• [TASK GOAL]: Leaving out the pictures, reproduce each record exactly and in full.

Data excerpts
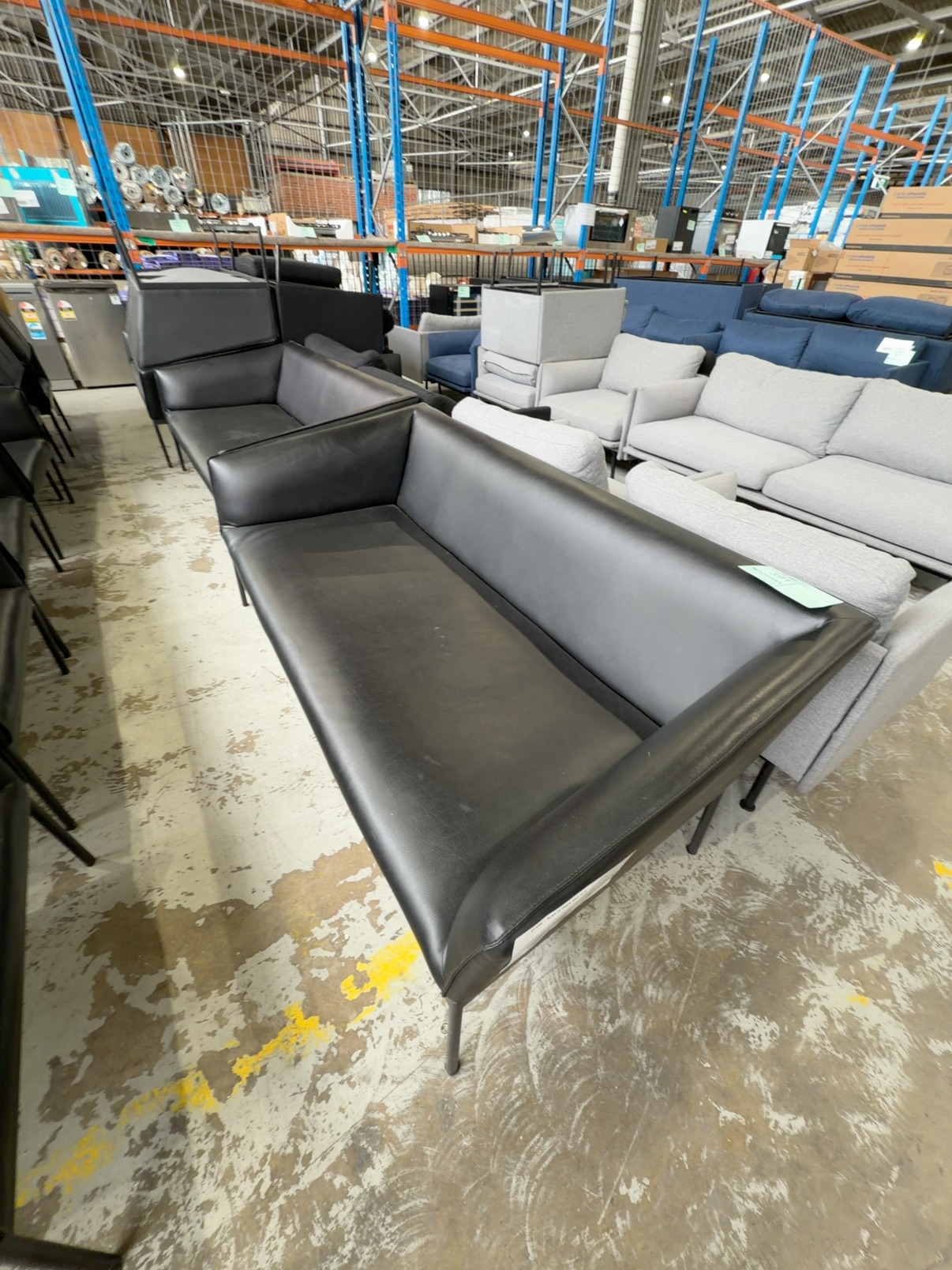 EX HIRE - BLACK PU COUCH, SOLD AS IS EX HIRE - BLACK PU COUCH, SOLD AS IS
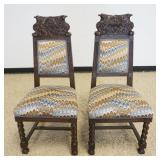 1251	PAIR OF CARVED OAK CHAIRS WITH UPHOLSTERED SEATS AND BACK CHAIR CREST CARVED WITH FALCON HEADS 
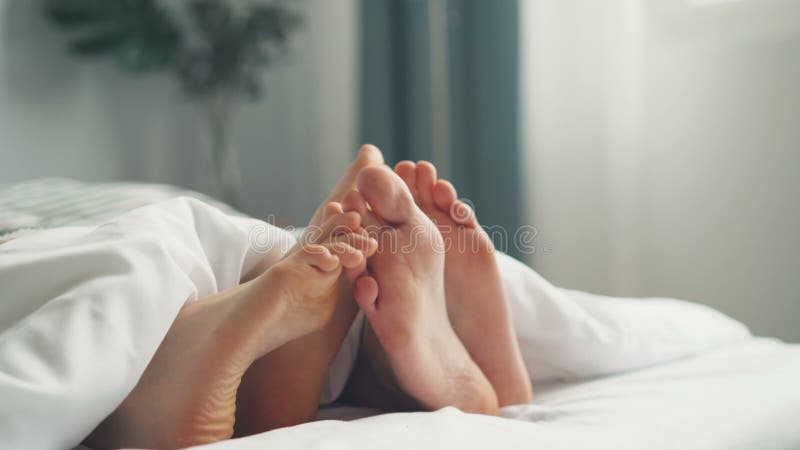 Picioarele masculi și femele atingând sub pătură, două întinse împreună în pat stock footage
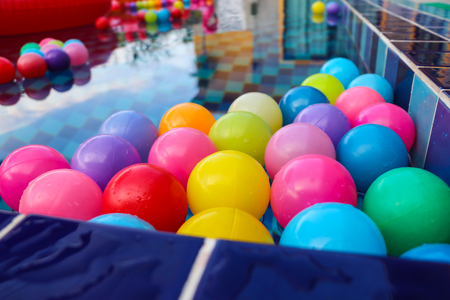 Many colorful plastic balls floating on water surface in poolの写真素材
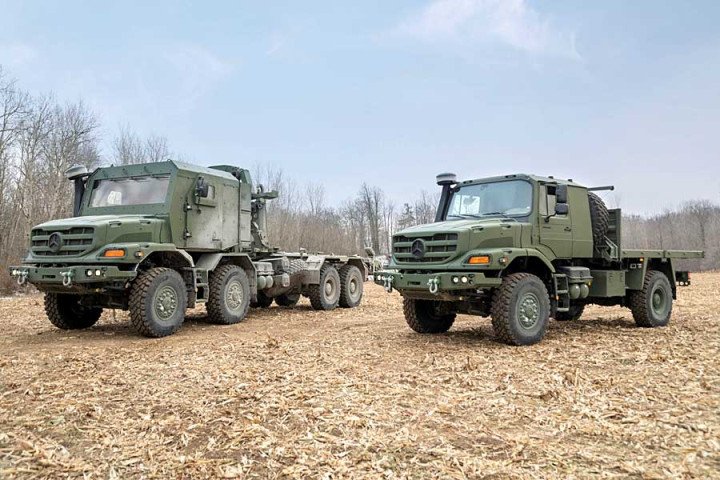 Mercedes-Benz Zetros military trucks are shown in a field. (Source: Mercedes-Benz Special Trucks)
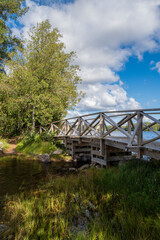 Fototapeta na wymiar Summer view of Liesjarvi National Park, wooden bridge and lake, Tammela, Finland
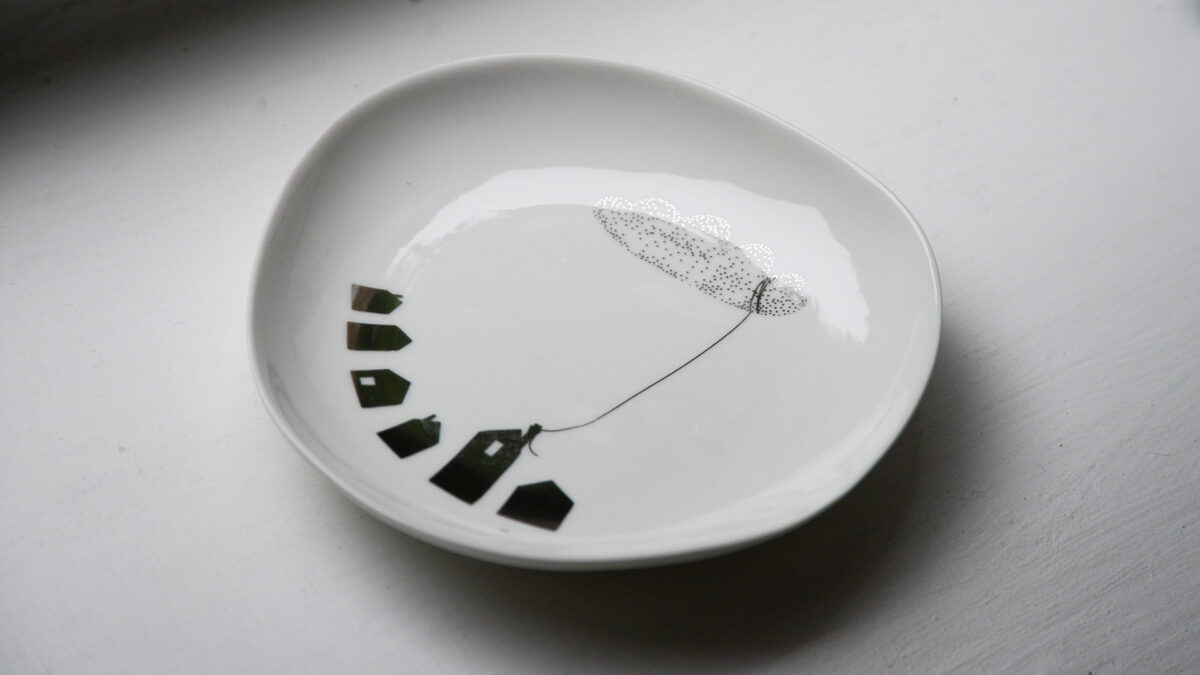 small dish with houses and cloud motif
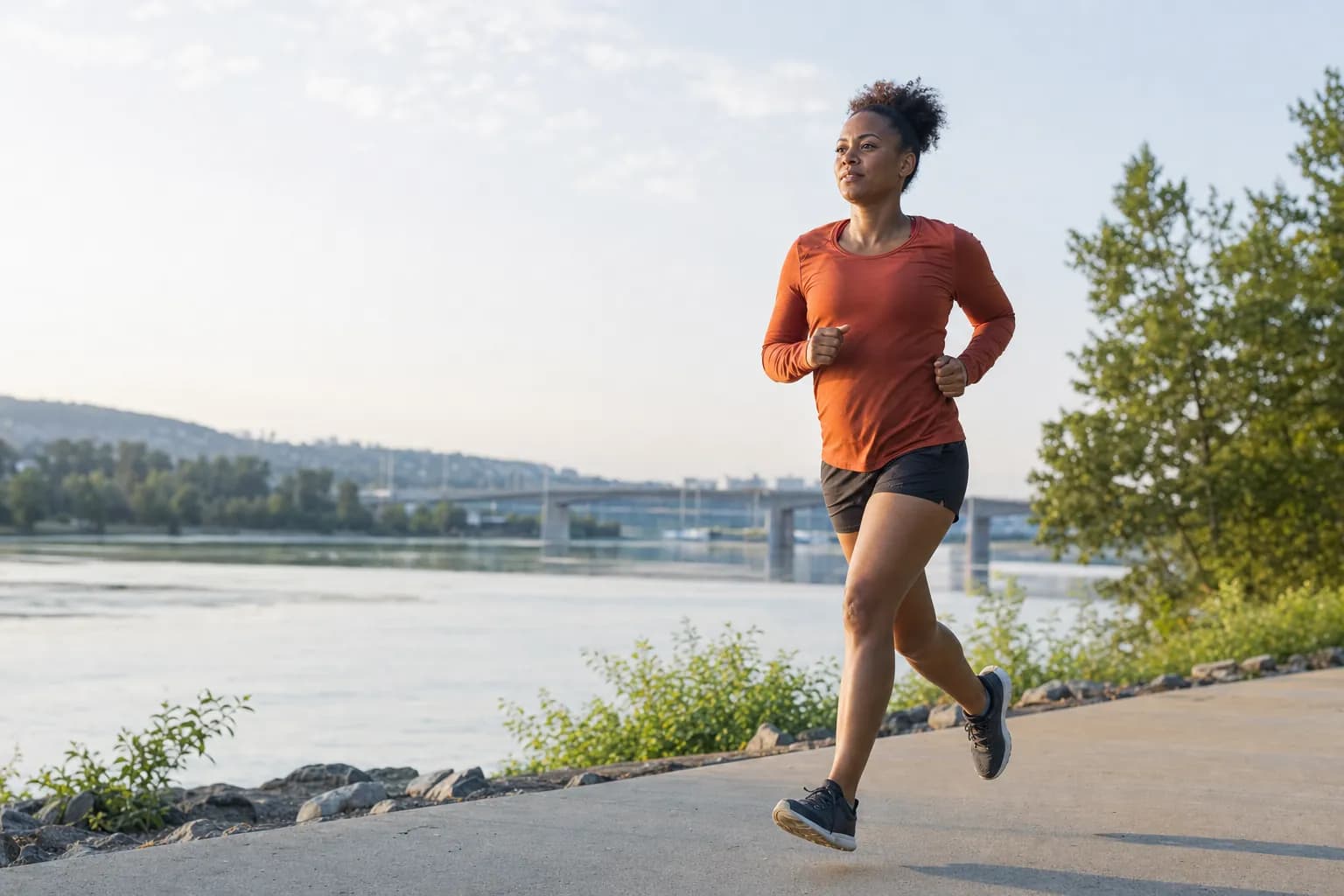A woman running along a riverside path in the morning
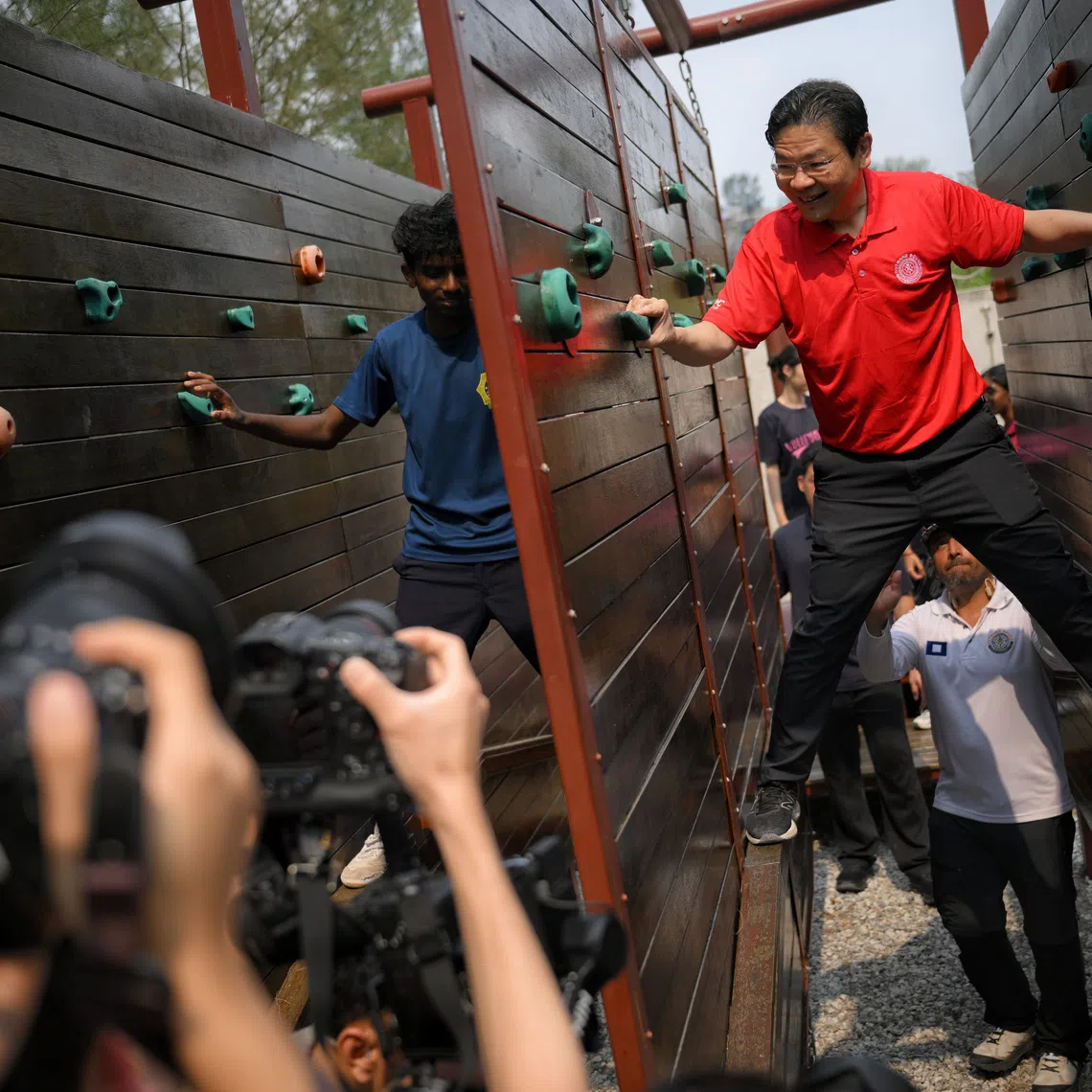 Guest-of-Honour Prime Minister Lawrence Wong (right) manoeuvres an obstacle with students at OBS Coney Campus on Sept 11, 2026.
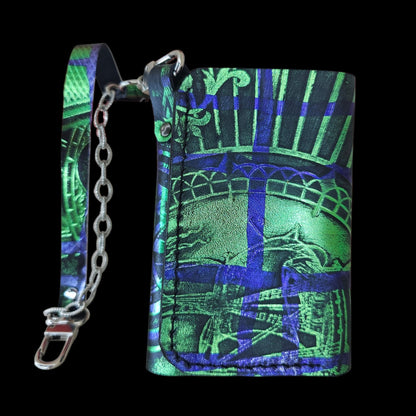 Close-up of the heat-pressed pattern in emerald green and royal blue on a handmade black leather wallet - AG Design, Arad, Romania
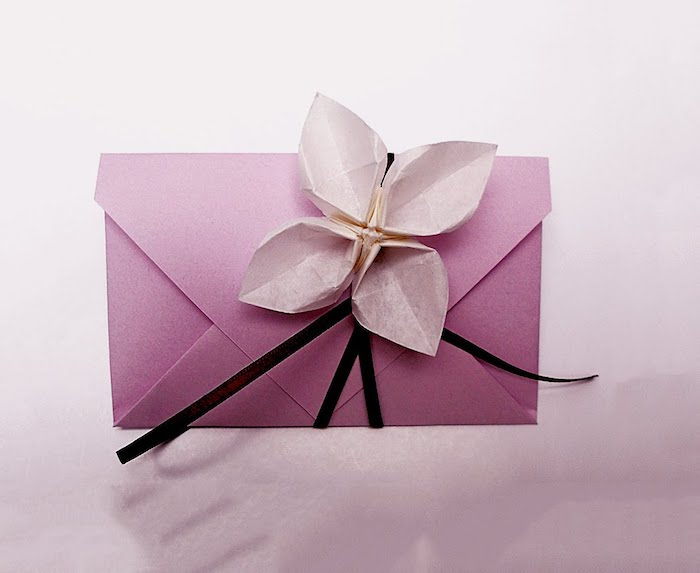 Å lage konvolutter - en vakker origami blomst som et ornament av konvolutt i rosa farge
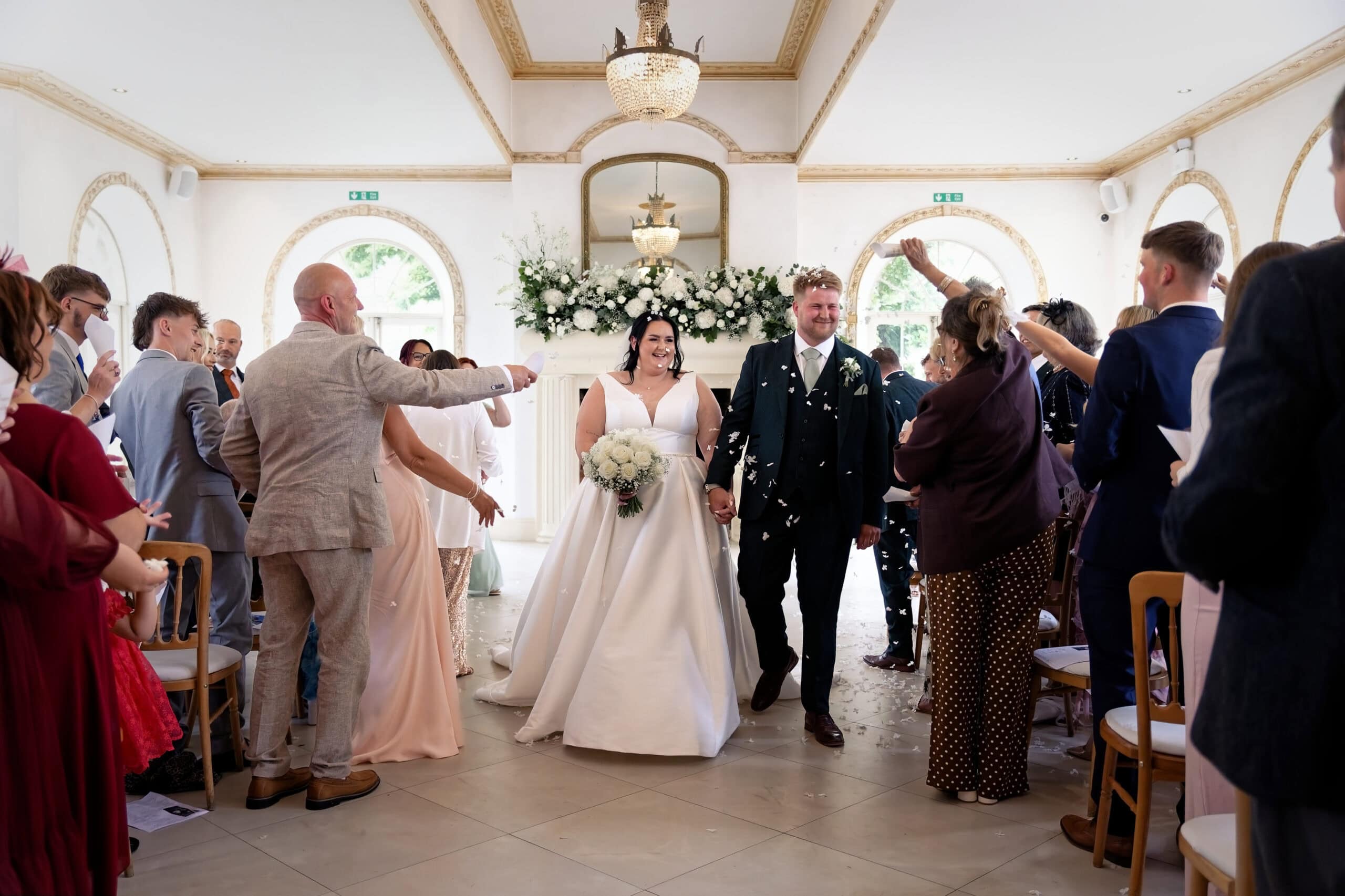 Bride and groom walking through confetti in the Vine Room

• [RESULT BELOW]:
 EX HIRE - BLACK PU COUCH, SOLD AS IS EX HIRE - BLACK PU COUCH, SOLD AS IS
 1251	PAIR OF CARVED OAK CHAIRS WITH UPHOLSTERED SEATS AND BACK CHAIR CREST CARVED WITH FALCON HEADS 
 Picioarele masculi și femele atingând sub pătură, două întinse împreună în pat stock footage
 Many colorful plastic balls floating on water surface in poolの写真素材
 Mercedes-Benz Zetros military trucks are shown in a field. (Source: Mercedes-Benz Special Trucks)
 Fototapeta na wymiar Summer view of Liesjarvi National Park, wooden bridge and lake, Tammela, Finland
 small dish with houses and cloud motif
A woman running along a riverside path in the morning
 Guest-of-Honour Prime Minister Lawrence Wong (right) manoeuvres an obstacle with students at OBS Coney Campus on Sept 11, 2026.
 Close-up of the heat-pressed pattern in emerald green and royal blue on a handmade black leather wallet - AG Design, Arad, Romania
 Å lage konvolutter - en vakker origami blomst som et ornament av konvolutt i rosa farge
 Bride and groom walking through confetti in the Vine Room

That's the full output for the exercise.